Collation DDL inconsistencies

From
Jeff Davis
Date:
When I looked at the bug:

https://postgr.es/m/CALDQics_oBEYfOnu_zH6yw9WR1waPCmcrqxQ8+39hK3Op=z2UQ@mail.gmail.com

I noticed that the DDL around collations is inconsistent. For instance,
CREATE COLLATION[1] uses LOCALE, LC_COLLATE, and LC_CTYPE parameters to
specify either libc locales or an icu locale; whereas CREATE
DATABASE[2] uses LOCALE, LC_COLLATE, and LC_CTYPE always for libc, and
ICU_LOCALE if the default collation is ICU.

The catalog representation is strange in a different way:
datcollate/collcollate are always for libc, and daticulocale is for
icu. That means anything that deals with those fields needs to pick the
right one based on the provider.

If this were a clean slate, it would make more sense if it were
something like:

   datcollate/collcollate: to instantiate pg_locale_t
   datctype/collctype: to instantiate pg_locale_t
   datlibccollate: used by libc elsewhere
   datlibcctype: used by libc elsewhere
   daticulocale/colliculocale: remove these fields

That way, if you are instantiating a pg_locale_t, you always just pass
datcollate/datctype/collcollate/collctype, regardless of the provider
(pg_newlocale_from_collation() would figure it out). And if you are
going to do something straight with libc, you always use
datlibccollate/datlibcctype.

Aside: why don't we support different collate/ctype with ICU? It
appears that u_strToTitle/u_strToUpper/u_strToLower just accept a
string "locale", and it would be easy enough to pass it whatever is in
datctype/collctype, right? We should validate that it's a valid locale;
but other than that, I don't see the problem.

Thoughts?
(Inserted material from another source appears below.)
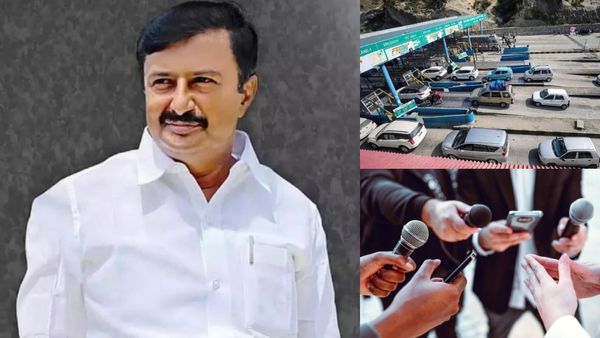 ‛ப்ரீ’.. டோல்கேட்டில் பத்திரிகையாளர்களுக்கு இலவசம்? அமைச்சர் சாமிநாதன் சொன்ன முக்கிய தகவல்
Implementation-wise, I suppose this could create some
annoyances in pg_dump.

[1] https://www.postgresql.org/docs/devel/sql-createcollation.html
[2] https://www.postgresql.org/docs/devel/sql-createdatabase.html
[3] https://unicode-org.github.io/icu-docs/apidoc/released/icu4c/ustring_8h.html


--
Jeff Davis
PostgreSQL Contributor Team - AWS